Mugabe resigns amid parliamentary impeachment proceedings, ends 37-year rule in Zimbabwe

President of Zimbabwe, Robert Mugabe has finally stepped down amid parliamentary impeachment proceedings.
The resignation, done via a letter submitted to parliament, House of Assembly Tuesday ends Mugabe’s near four-decade reign as the strongman of Zimbabwe, according to the speaker, Jacob Mudenda.
Mudenda announced Mugabe’s resignation during a joint sitting of lawmakers in Harare, the capital, called to vote on a motion of impeachment of the 93-year-old leader, who was the world’s oldest-serving leader.
Mugabe’s resignation came days after the Zimbabwe African National Union-Patriotic Front party fired him as its leader and ordered him to step down. Emmerson Mnangagwa, 75, who Mugabe dismissed as vice president this month, will take over as interim leader and be Zanu-PF’s presidential candidate in elections next year, the party said.
“We have fought the lion and won,” Lovemore Matuke, Zanu-PF’s chief whip, said in an interview after the announcement.
The ruling party’s decision to dump the president came four days after the military placed him under house arrest and detained several of his closest allies — a move triggered by Mnangagwa’s dismissal.

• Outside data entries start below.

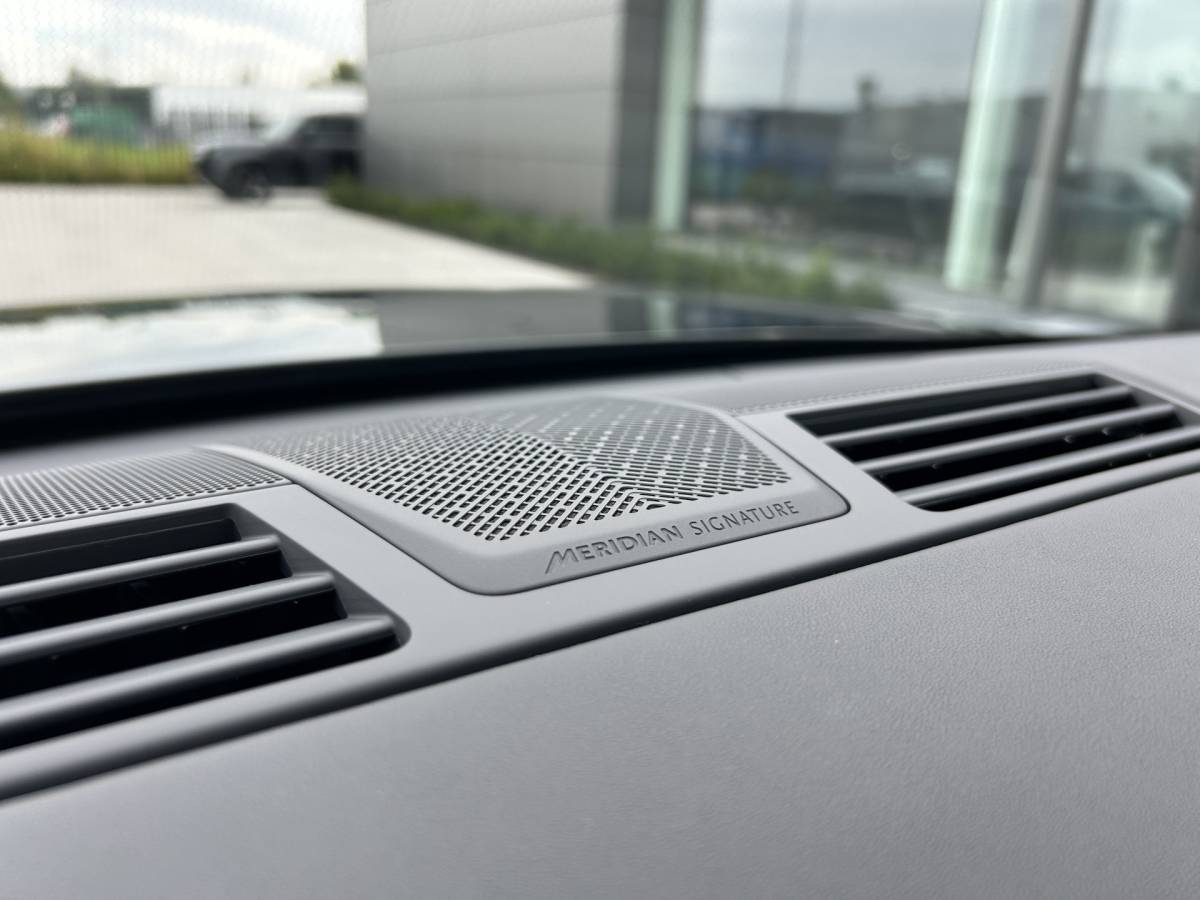 Land Rover Range Rover Land Rover Range Rover P550e 6-cil. Autobiography PHEV | NIEUW – 0 km | Perlino leder | Elektr. trekhaak tot 3.000kg |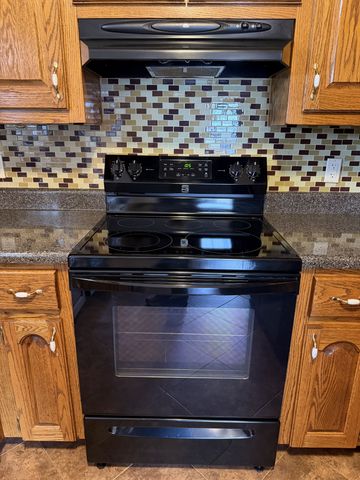 70 Dunn Leoma Rd, Leoma, TN 38468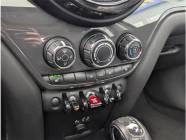 2017 MINI Countryman Cooper 4dr All-Wheel Drive ALL4 Sport - Photo 13 of 19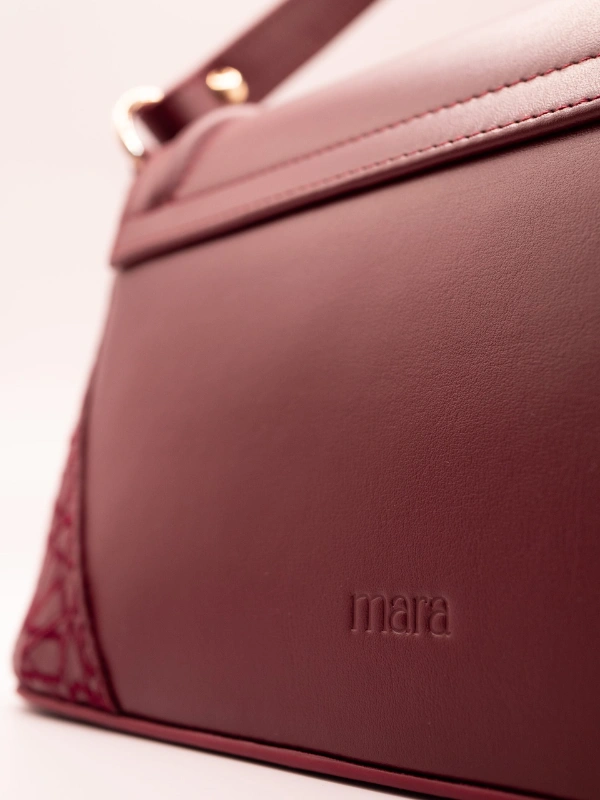 ZAYNA Bordeaux MARA Morocco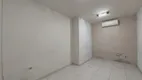 Foto 11 de Sala Comercial à venda, 165m² em Boa Vista, Recife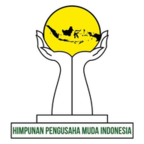 HIPMI Nusatenggaratimur Logo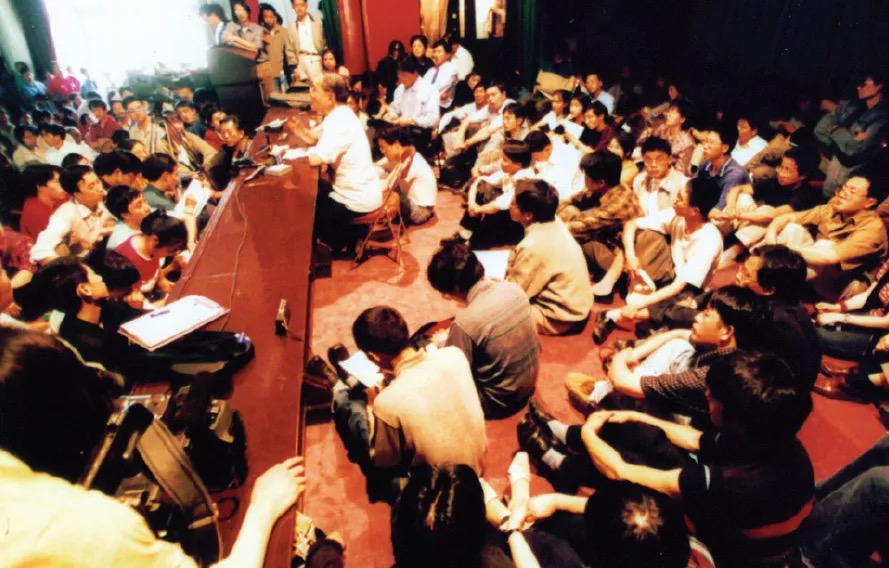 首页-NG视讯厅真人官方网站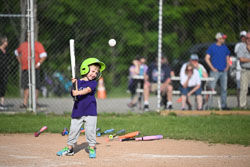 20250616-LLBB-12507.jpg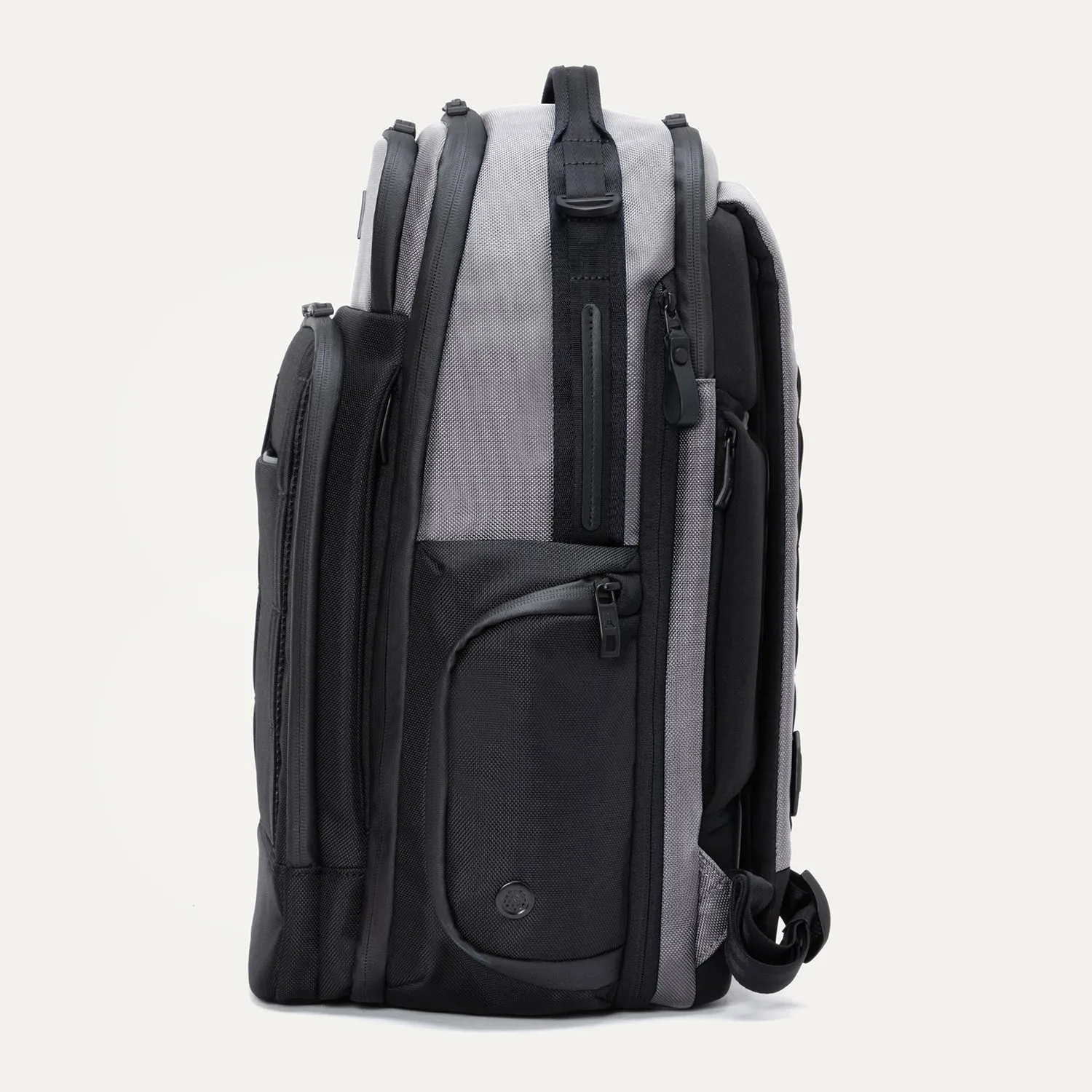 Travelpro® Altitude™ Large Expandable Laptop Backpack 30-36L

Mugabe initially dug in his heels, missing a party deadline to quit by noon on Monday or face impeachment, before finally agreeing to go.
The moves against Mugabe were the culmination of a battle for control of the ruling party between a military-aligned faction that’s coalesced around Mnangagwa and another known as the Generation-40, which wants the president’s wife, Grace Mugabe, to succeed him. Mnangagwa emerged as the victor, with the party expelling Grace and her allies.